Questo il racconto: “Rientravo a casa verso le ore 2:30 circa. Quando sono entrato e ho varcato la porta di casa, dietro c’erano quattro malfattori con il passamontagna armati di pistola e sfollagente, mi hanno strattonato dentro casa e mi hanno preso a botte e legato le mani. Mi hanno fatto sedere sui due gradini di una scalinata interna, con una pistola carica puntata alla testa. Uno di loro l’ha caricata davanti a me. Uno dei malfattori mi ha chiesto di consegnare i soldi”.

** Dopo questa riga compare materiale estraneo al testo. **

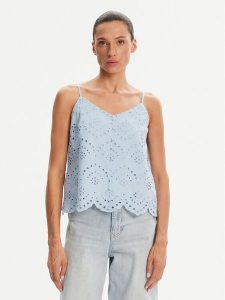 Pieces Top Vilde 17156563 Błękitny Regular Fit. Niebieskie topy Pieces, xs, bez wzorów, z bawełny, bez kołnierzyka, bez ramiączek. Za 109,99 zł.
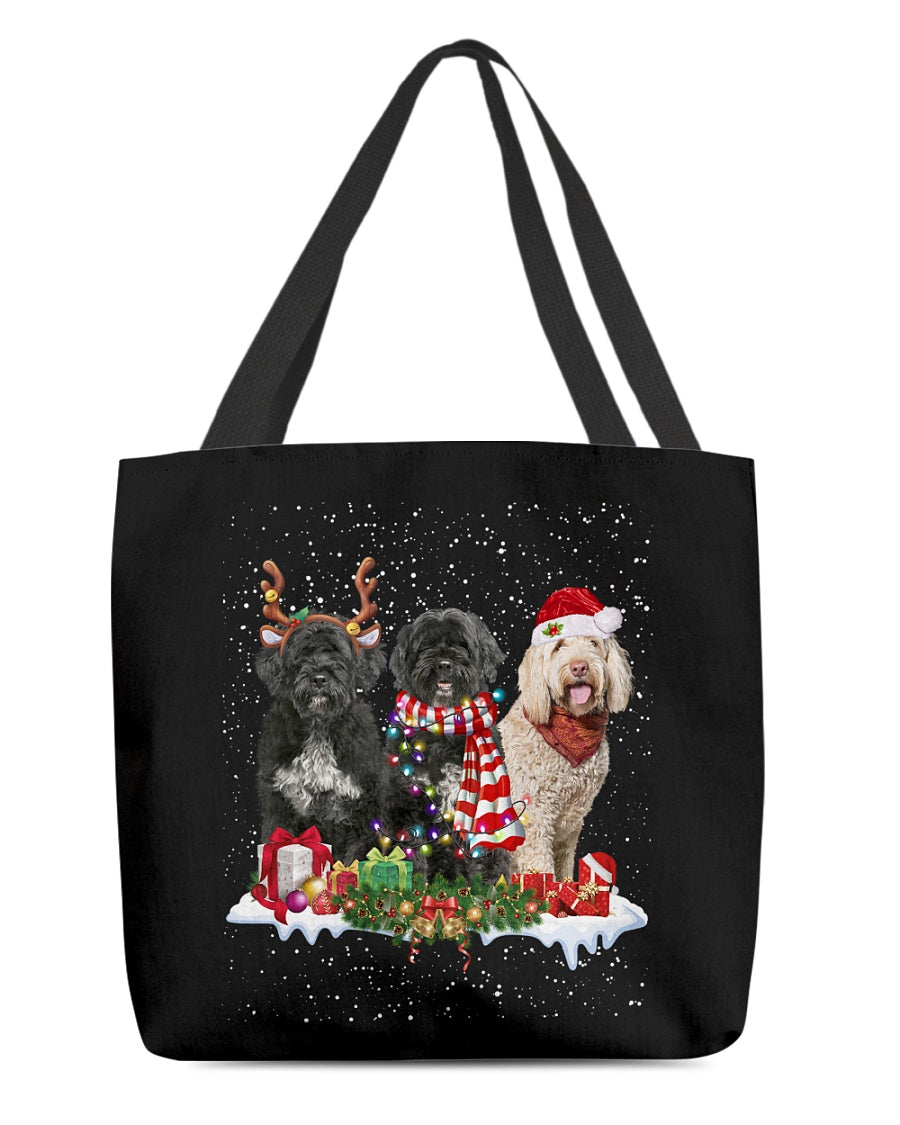 Christmas Buddies-Portuguese Water Dog-Cloth Tote Bag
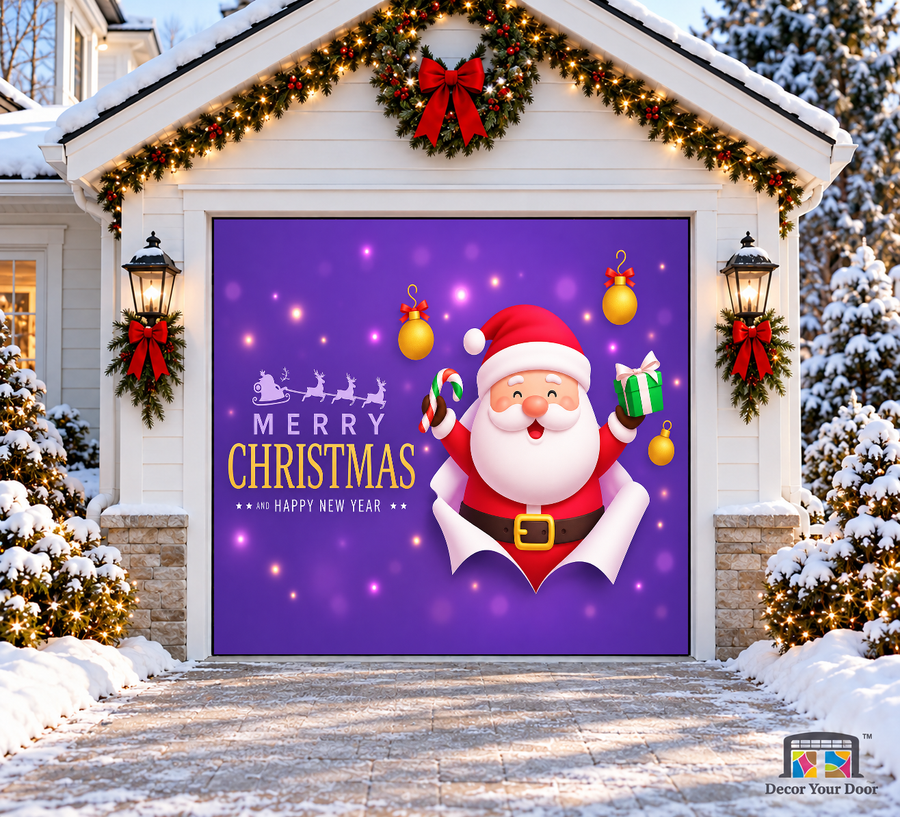 Santa with a candy cane and green gift on a purple background — one-car garage door cover, front view.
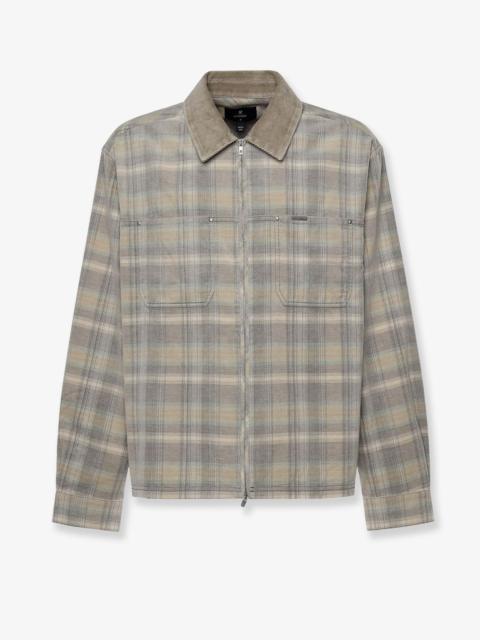 REPRESENT Represent Corduroy Shirt with Check Motif Grey
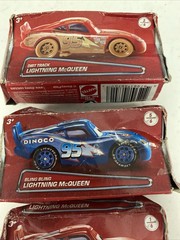 Lot Of 3 Disney Cars Bling Bling Dinoco Lightning McQueen Diecast 2/6 Box 1:55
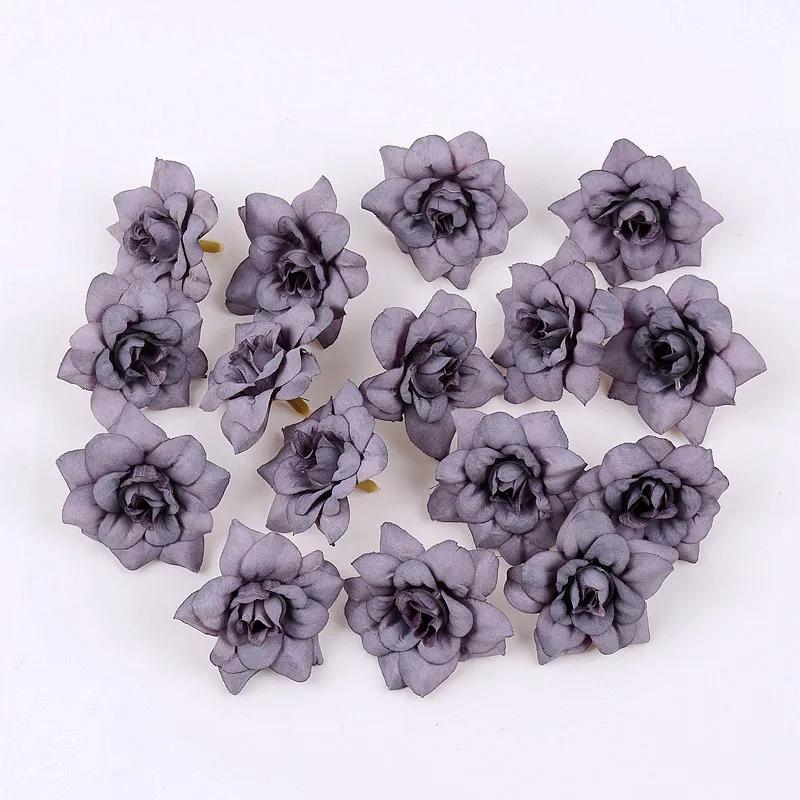 10Pcs Artificial Flower 4.5cm Silk Rose Head For Wedding Home New Year Decoration DIY Garland Scrapbook Gift Box Craft Flowers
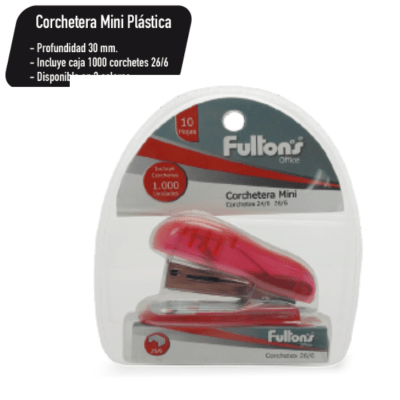 Corchetera Mini Plast. Roja Base Plast. Para 10 Hjs. 26/6, 24/6 | Fultons1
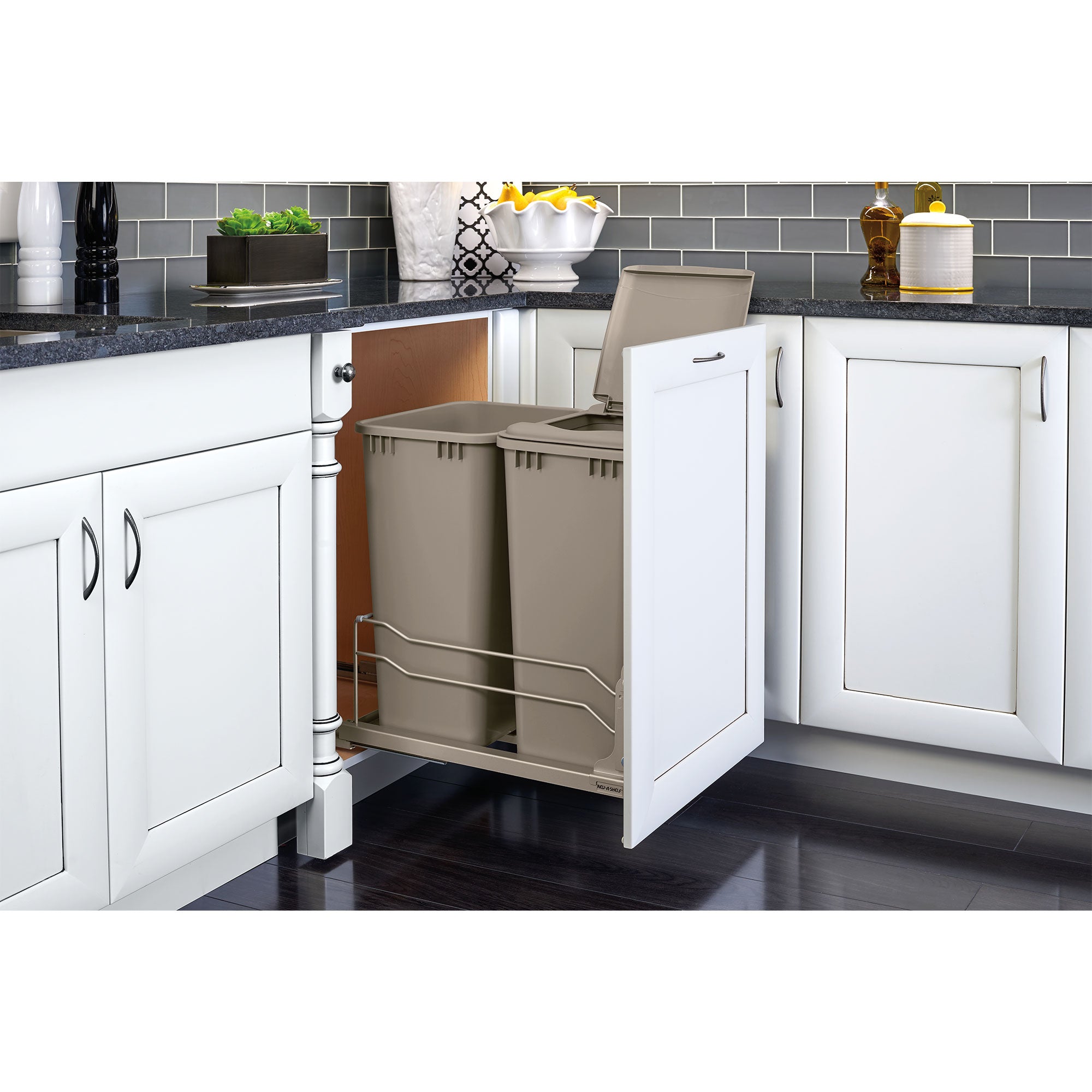 Rev-A-Shelf Double Pullout Trash Cans 50 qt. with Soft-close, 53WC-2150SCDM-212 - VMInnovations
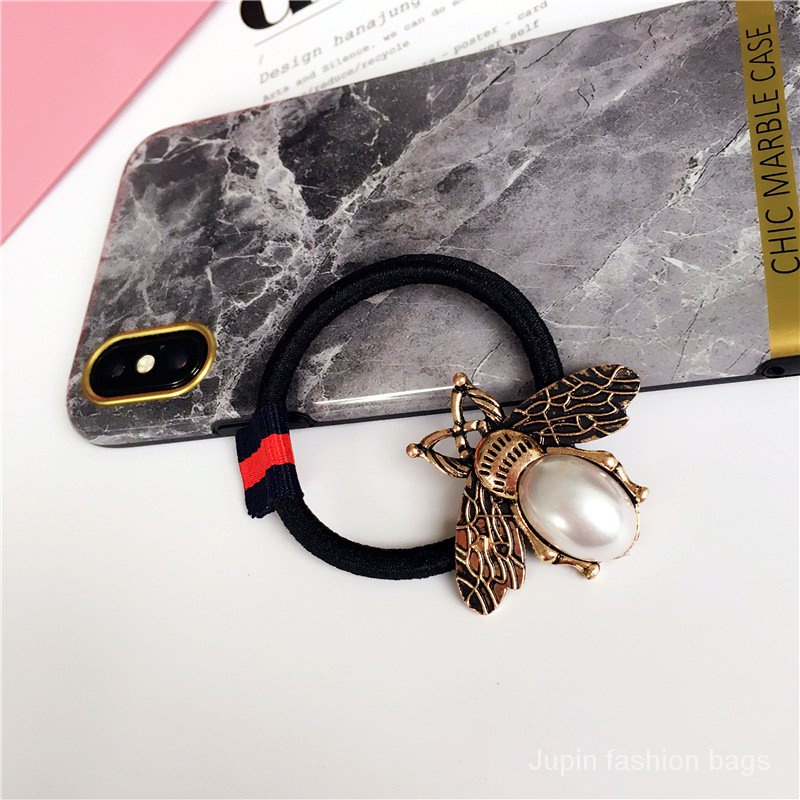 Korean Dongdaemun New Square Meters Vintage Pearl Little Bee Red and Green Stripes Red and Blue Ribbon Hair Ring Hair Rope Head Tie Female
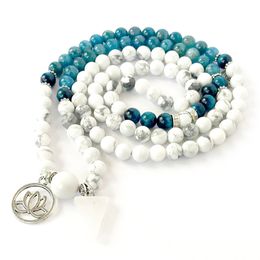 MG0992 Nouveau Design Bouddhiste Mala Bracelet Méditation Yoga 108 Mala Lotus Charme Bracelet 6 mm Howlite Apatite Gemstone Bijoux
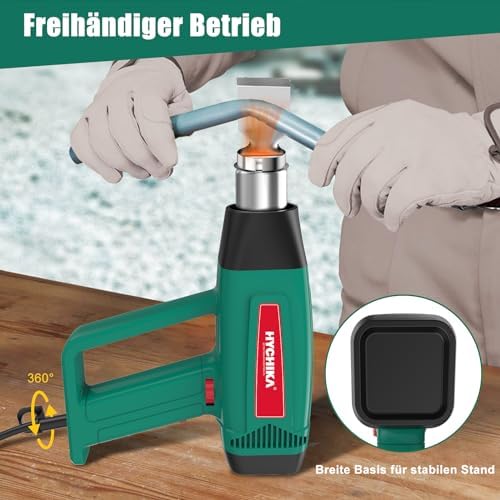 Bild 3 - HYCHIKA 1800W Heissluftpistole Kit, 60℃- 600℃ Stufenlos variable Temperatur, Überlastungsschutz, mit 6 Düsen, ideal zum Entlacken, Erwärmen und Schrumpfen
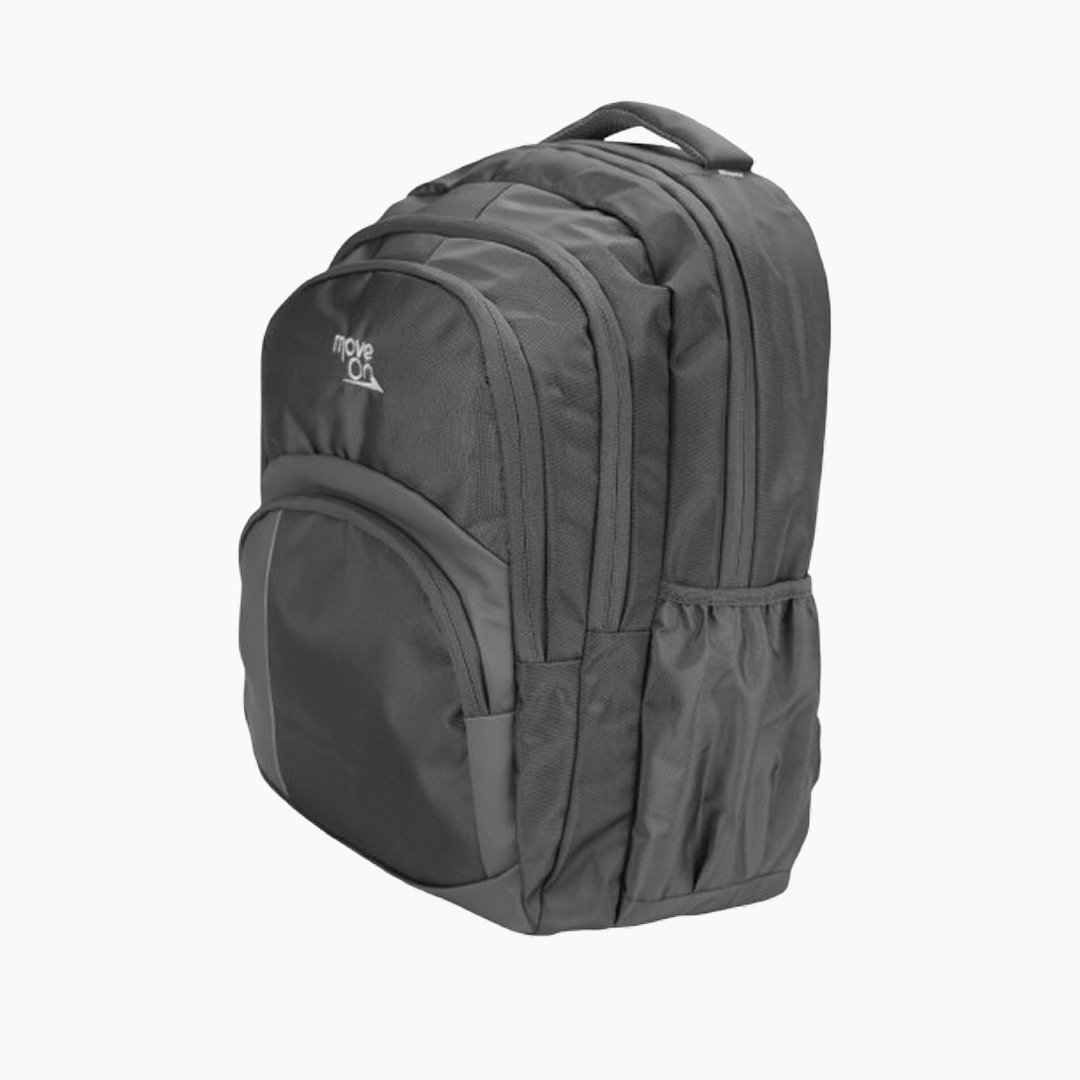 Gray backpack with a brand logo on a white background -Gray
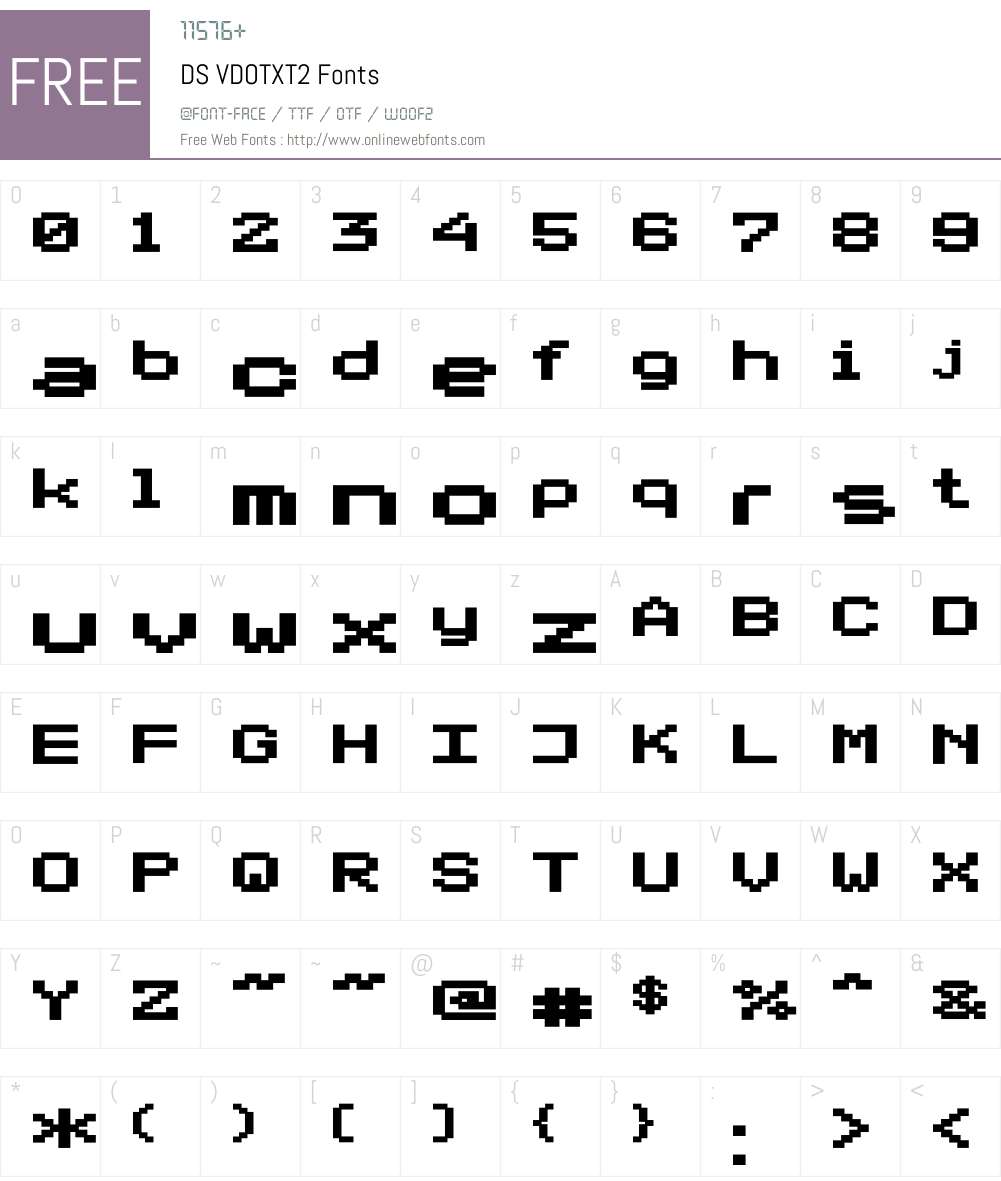DS VDOTXT2 Font Screenshots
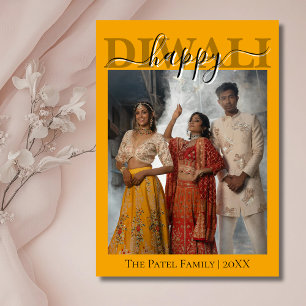 Cartes Pour Fêtes Annuelles Marigold Orange Calligraphie Photo Joyeux Diwali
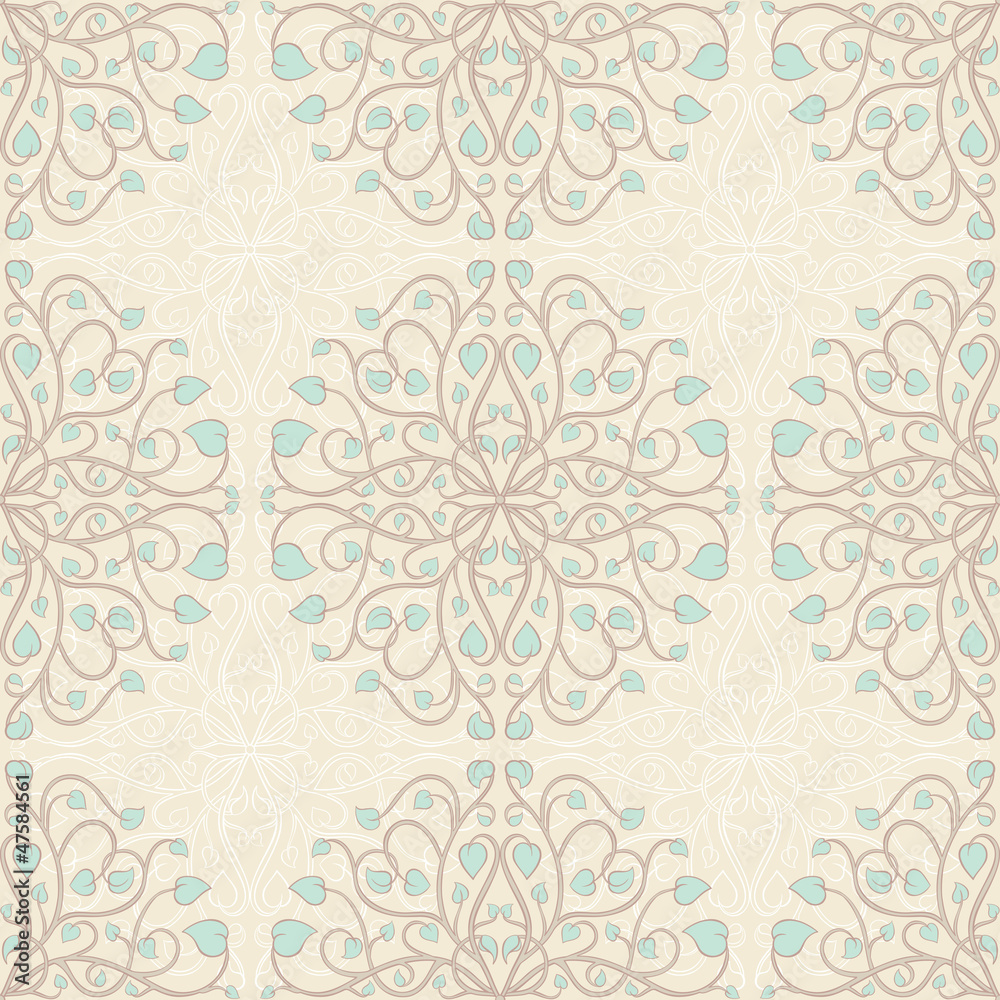 beautiful natural seamless pattern with turquoise leafs beautiful natural seamless pattern with turquoise leafs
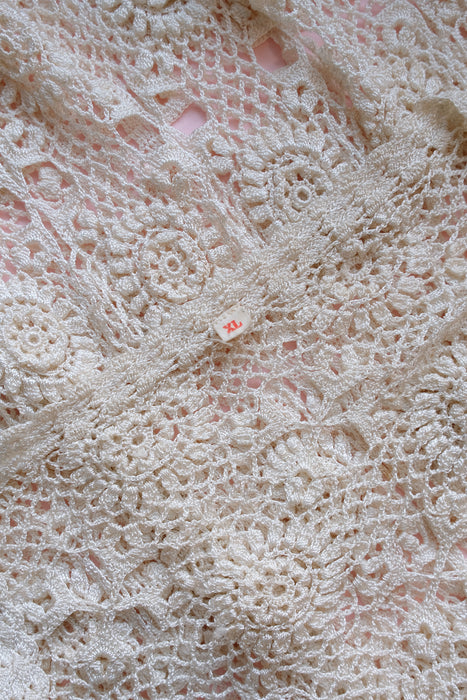 Delicate 1970's Silky Crochet Knit Ivory Cardigan / Sz M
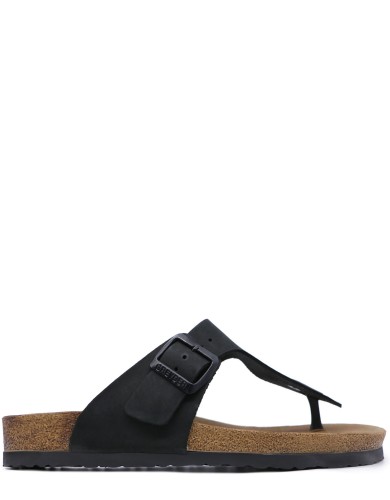 Чорні нубукові шльопанці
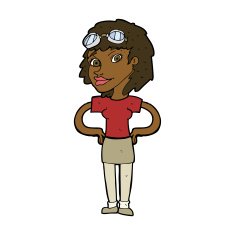 cartoon retro pilot woman N8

Stando al racconto, da come parlavano sembravano sapessero che in casa c’erano soldi. “Alla loro richiesta di soldi – ha detto D’Andrea – ho detto che non ne avevo, gli ho consegnato solo 300 euro. Poi uno di loro mi ha messo la pistola in bocca. Una sensazione di paura fortissima. Ad un certo punto un altro malfattore ha dato una gomitata al suo ‘collega’, gli ha tolto la pistola e mi ha colpito con la stessa. Da lì sono svenuto, ma sono stati stesso i malviventi a farmi riprendere, dandomi anche dell’acqua. Poi, una volta ripreso, mi hanno legato e imbavagliato, con le mani legate dietro la spalliera della schiena”.
Un bottino abbastanza importante, comunque, quello della banda, di svariate migliaia di euro tra soldi, preziosi, orologi e borse.
“I malfattori – ha raccontato – erano entrati già mezz’ora prima del mio arrivo. Quando mi hanno legato, mi hanno detto che avevano ammazzato i miei genitori”, cosa non vera. Una frase detta probabilmente per mettere ancora più paura.
Quando poi è riuscito a liberarsi, D’Andrea ha raccontato: “Pensavo davvero di trovare i miei genitori giustiziati dentro casa. Quando sono riuscito a liberarmi, sono corso a casa di mio zio, dove anche loro erano stati legati insieme alla badante. Hanno svaligiato la cassaforte a casa mia e anche a casa di mio zio. Il capobanda aveva una mitraglietta”.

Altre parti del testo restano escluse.